Tears of Happiness (1974)



          In the ’70s, Armenian-American filmmaker Sarky Maroudian made three melodramas starring singer/actor Manuel Manankichian—and while the following remarks pertain to Tears of Happiness, which appears to be the first and most widely seen of their collaborations, one imagines that Promise of Love (1974) and Sons of Sassoun (1975), neither of which were available for review, are roughly equivalent. Tears of Happiness, which is mostly in Armenian but has a few scenes in English, is a somewhat primitive piece of work, competent but marred by iffy performances and a weak storyline.

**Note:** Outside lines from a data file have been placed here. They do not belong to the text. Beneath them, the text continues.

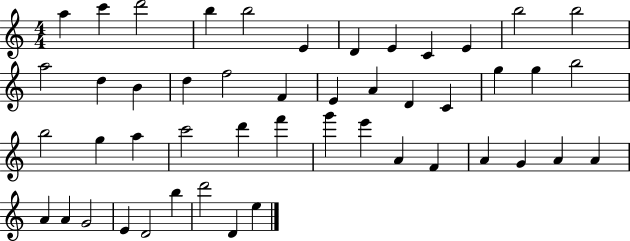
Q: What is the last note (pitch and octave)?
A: E5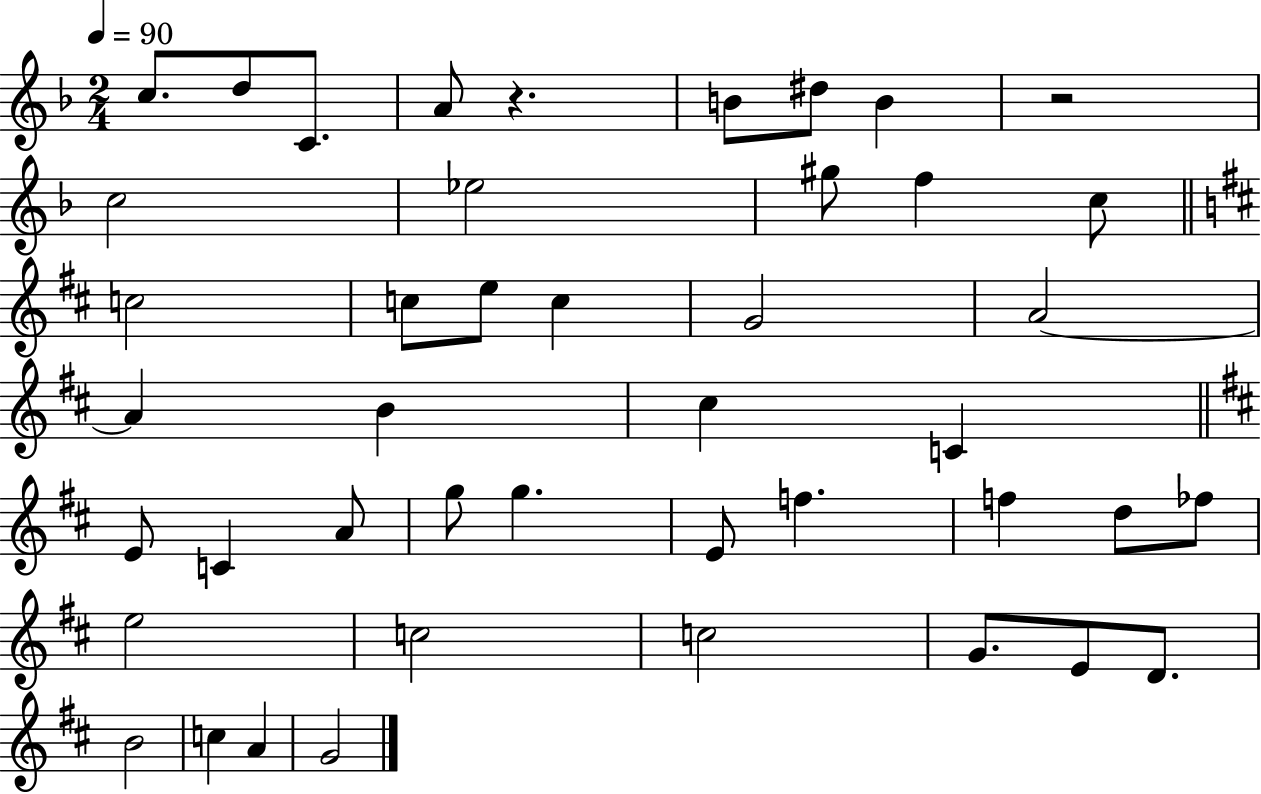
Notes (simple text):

C5/e. D5/e C4/e. A4/e R/q. B4/e D#5/e B4/q R/h C5/h Eb5/h G#5/e F5/q C5/e C5/h C5/e E5/e C5/q G4/h A4/h A4/q B4/q C#5/q C4/q E4/e C4/q A4/e G5/e G5/q. E4/e F5/q. F5/q D5/e FES5/e E5/h C5/h C5/h G4/e. E4/e D4/e. B4/h C5/q A4/q G4/h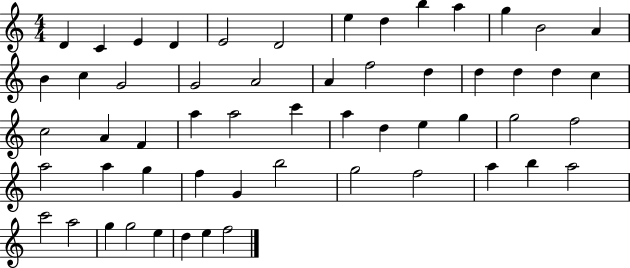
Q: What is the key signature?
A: C major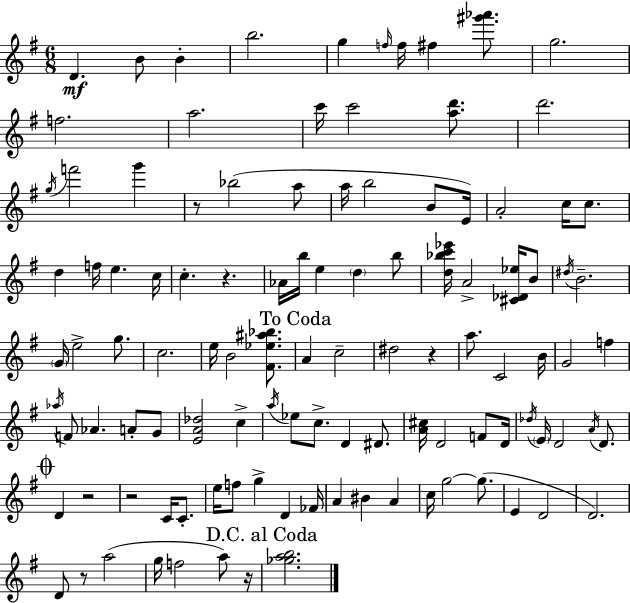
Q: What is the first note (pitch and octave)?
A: D4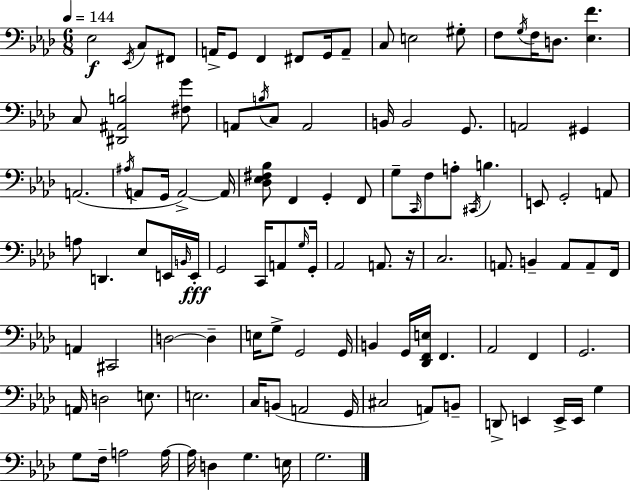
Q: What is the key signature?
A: AES major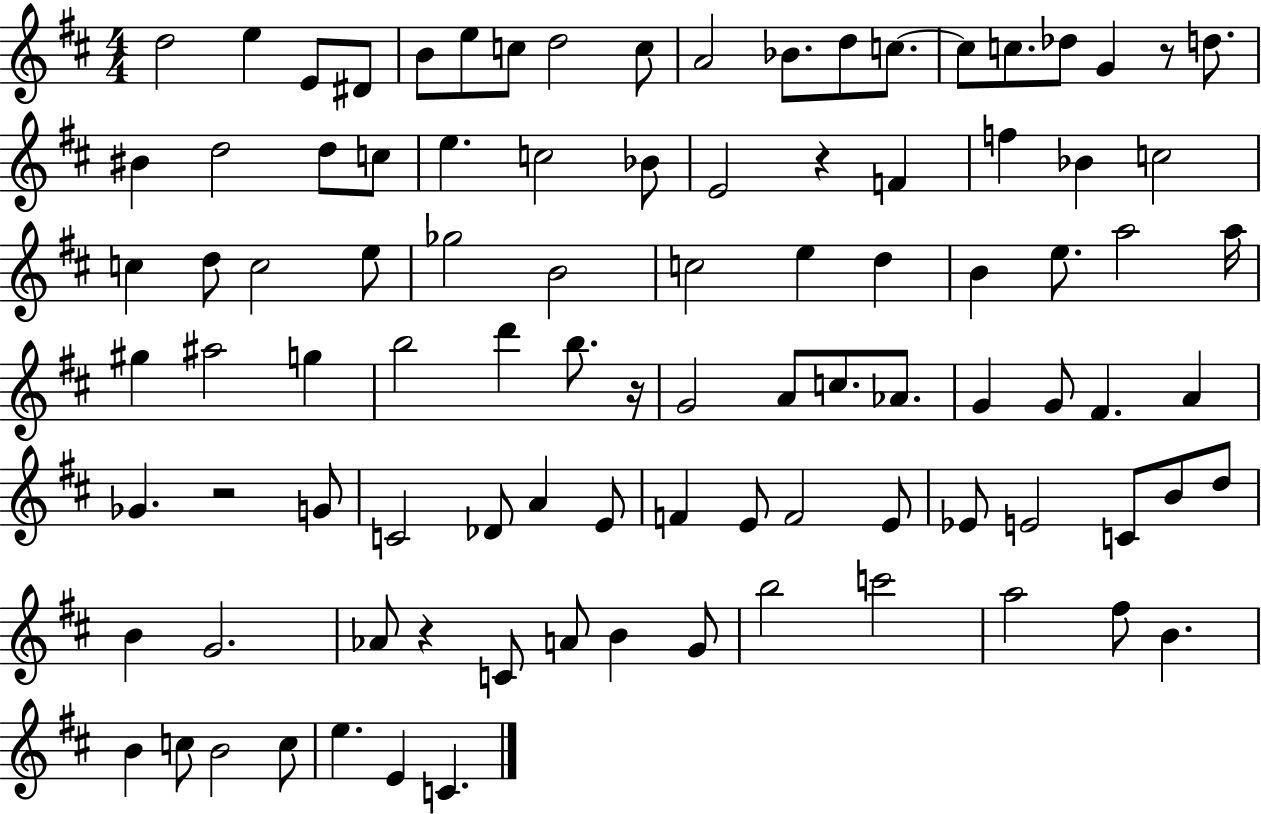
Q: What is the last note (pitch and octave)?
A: C4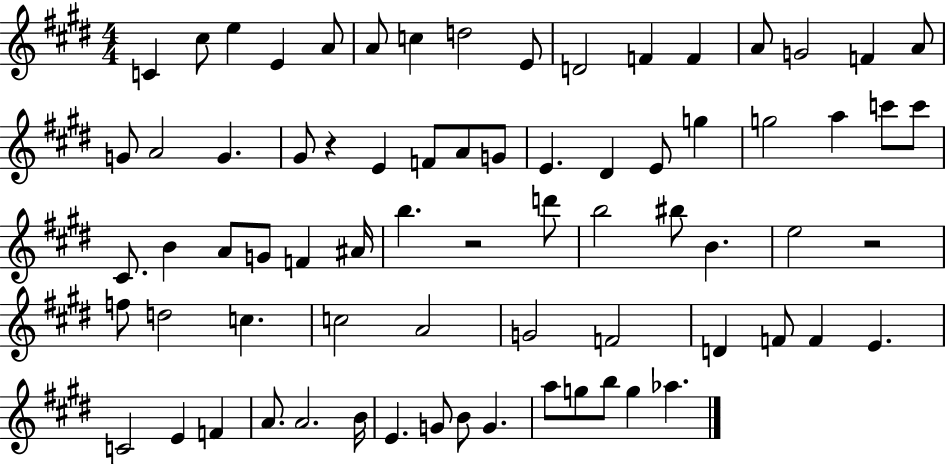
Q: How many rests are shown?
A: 3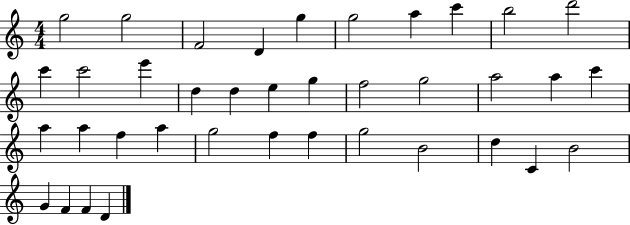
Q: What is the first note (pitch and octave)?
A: G5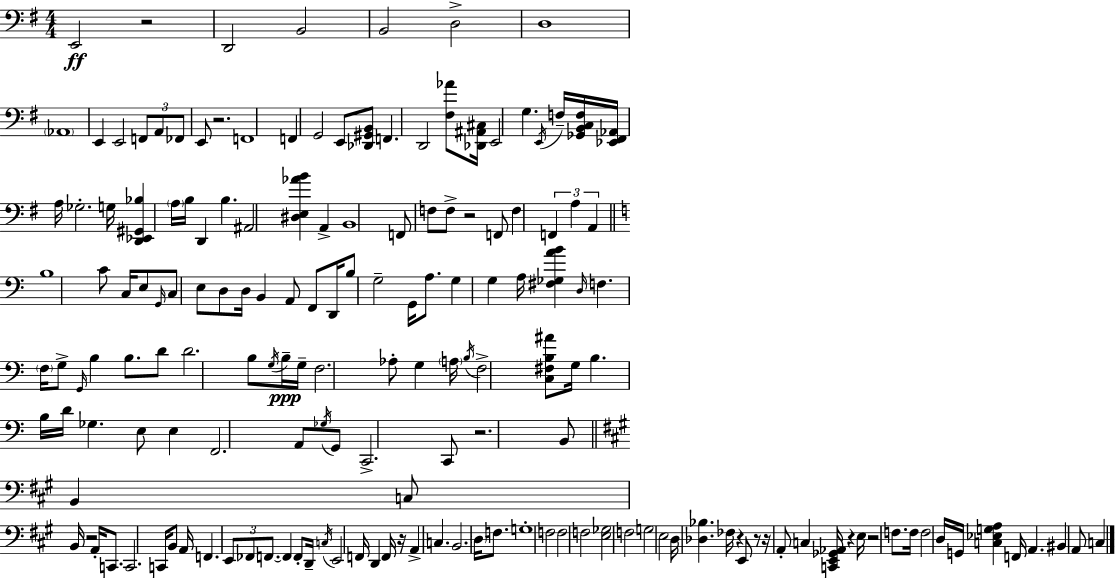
{
  \clef bass
  \numericTimeSignature
  \time 4/4
  \key e \minor
  \repeat volta 2 { e,2\ff r2 | d,2 b,2 | b,2 d2-> | d1 | \break \parenthesize aes,1 | e,4 e,2 \tuplet 3/2 { f,8 a,8 | fes,8 } e,8 r2. | f,1 | \break f,4 g,2 e,8 <des, gis, b,>8 | f,4. d,2 <fis aes'>8 | <des, ais, cis>16 e,2 g4. \acciaccatura { e,16 } | f16-- <ges, b, c f>16 <ees, fis, aes,>16 a16 ges2.-. | \break g16 <d, ees, gis, bes>4 \parenthesize a16 b16 d,4 b4. | ais,2 <dis e aes' b'>4 a,4-> | b,1 | f,8 f8 f8-> r2 f,8 | \break f4 \tuplet 3/2 { f,4 a4 a,4 } | \bar "||" \break \key c \major b1 | c'8 c16 e8 \grace { g,16 } c8 e8 d8 d16 b,4 | a,8 f,8 d,16 b8 g2-- | g,16 a8. g4 g4 a16 <fis ges a' b'>4 | \break \grace { d16 } f4. \parenthesize f16 g8-> \grace { g,16 } b4 | b8. d'8 d'2. | b8 \acciaccatura { g16 } b16--\ppp g16-- f2. | aes8-. g4 \parenthesize a16 \acciaccatura { b16 } f2-> | \break <c fis b ais'>8 g16 b4. b16 d'16 ges4. | e8 e4 f,2. | a,8 \acciaccatura { ges16 } g,8 c,2.-> | c,8 r2. | \break b,8 \bar "||" \break \key a \major b,4 c8 b,16 r2 a,16-. | c,8. c,2. c,16 | b,8 a,16 f,4. \tuplet 3/2 { e,8 fes,8 f,8.~~ } | f,4 f,8-. d,16-- \acciaccatura { c16 } e,2 | \break f,16 d,4 f,16 r16 a,4-> c4. | b,2. \parenthesize d16 f8. | g1-. | f2 f2 | \break f2 <e ges>2 | f2 g2 | e2 d16 <des bes>4. | fes16 r4 e,8 r8 r16 a,8-. c4 | \break <c, e, ges, aes,>16 r4 e16 r2 f8. | f16 f2 d16 g,16 <c ees g a>4 | f,16 a,4. bis,4 a,8 c4 | } \bar "|."
}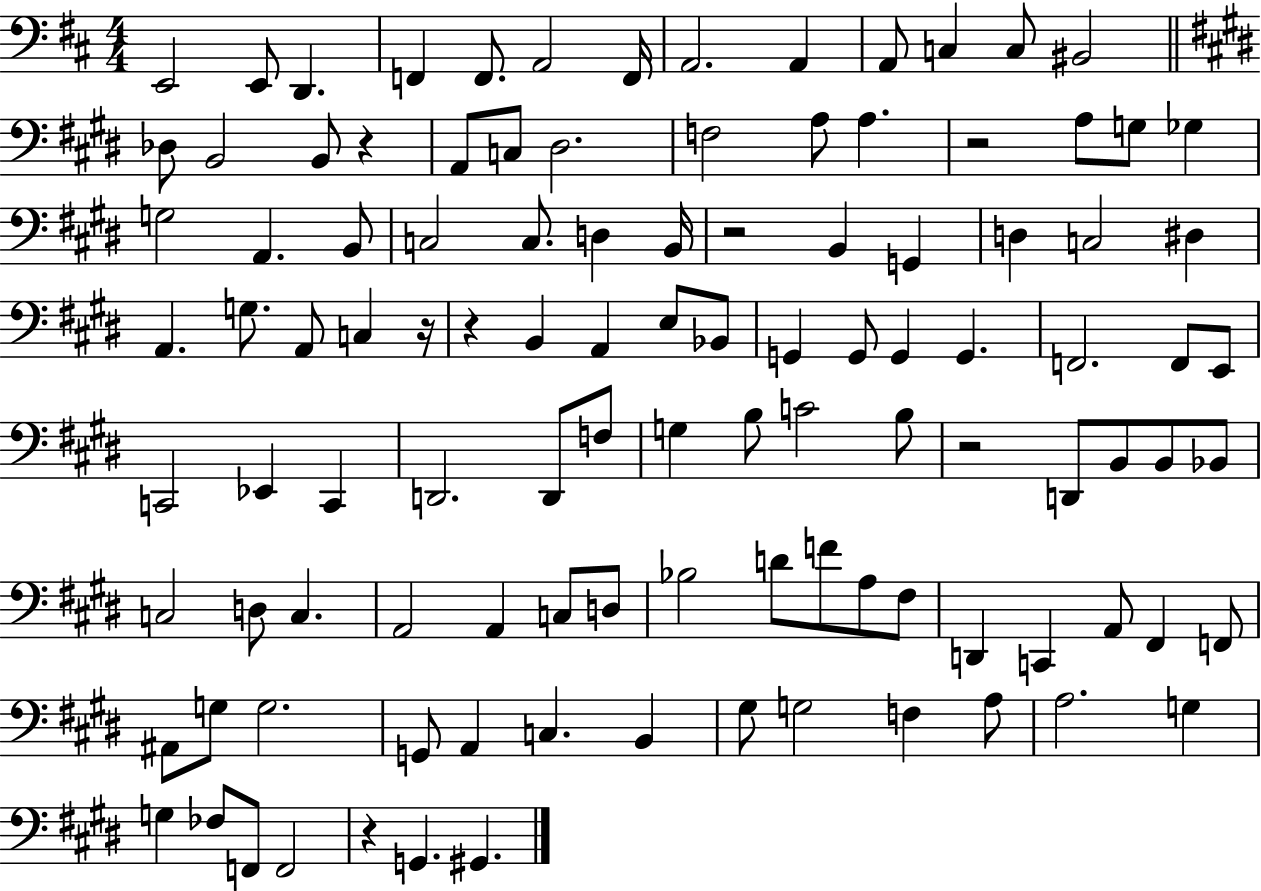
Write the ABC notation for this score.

X:1
T:Untitled
M:4/4
L:1/4
K:D
E,,2 E,,/2 D,, F,, F,,/2 A,,2 F,,/4 A,,2 A,, A,,/2 C, C,/2 ^B,,2 _D,/2 B,,2 B,,/2 z A,,/2 C,/2 ^D,2 F,2 A,/2 A, z2 A,/2 G,/2 _G, G,2 A,, B,,/2 C,2 C,/2 D, B,,/4 z2 B,, G,, D, C,2 ^D, A,, G,/2 A,,/2 C, z/4 z B,, A,, E,/2 _B,,/2 G,, G,,/2 G,, G,, F,,2 F,,/2 E,,/2 C,,2 _E,, C,, D,,2 D,,/2 F,/2 G, B,/2 C2 B,/2 z2 D,,/2 B,,/2 B,,/2 _B,,/2 C,2 D,/2 C, A,,2 A,, C,/2 D,/2 _B,2 D/2 F/2 A,/2 ^F,/2 D,, C,, A,,/2 ^F,, F,,/2 ^A,,/2 G,/2 G,2 G,,/2 A,, C, B,, ^G,/2 G,2 F, A,/2 A,2 G, G, _F,/2 F,,/2 F,,2 z G,, ^G,,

Yet bitching about anemic plotting probably misses the point, because it’s not as if anyone ever bought tickets for an Elvis picture expecting profound insights into the human condition. Like myriad other musicals designed to showcase singers, Tears of Happiness is a one-dimensional showbiz saga that follows a predictable path to a crowd-pleasing payoff, with many tuneful detours along the way.
          When the picture starts, Raffi (Manankichian) is a boorish, willful singer-songwriter who treats his young wife, Silvia (Sosi Kodjian), terribly, even striking her one night when she fails to keep their infant child quiet while he’s trying to compose a song. Silva leaves Raffi, prompting him to do some soul-searching. What happens thereafter is strictly formulaic: Without Silva’s love to ground him, Raffi finds fame but loses his integrity until realizing he’s been a fool and winning Silva back.
          An unkind review would note that Tears of Happiness often lapses into self-parody. Director Maroudian’s idea of a deep scene is to have someone cry or mope near water—a fountain, an ocean, a river—in vignettes that usually comprise only two shots, one of the actor and one of the water. This device feels particularly enervated during musical passages that drag on for several minutes. The acting is as crude and obvious as the filmmaking, so the big reunion scene (not-really-a-spoiler alert!) consists of Raffi wandering through woods and shouting Silva’s name until they somehow find each other in the wilderness. Still, Maroudian and his collaborators showed enterprise by creating specialty content for an underserved demographic, and some fans undoubtedly savor this document of Manankichian in his prime.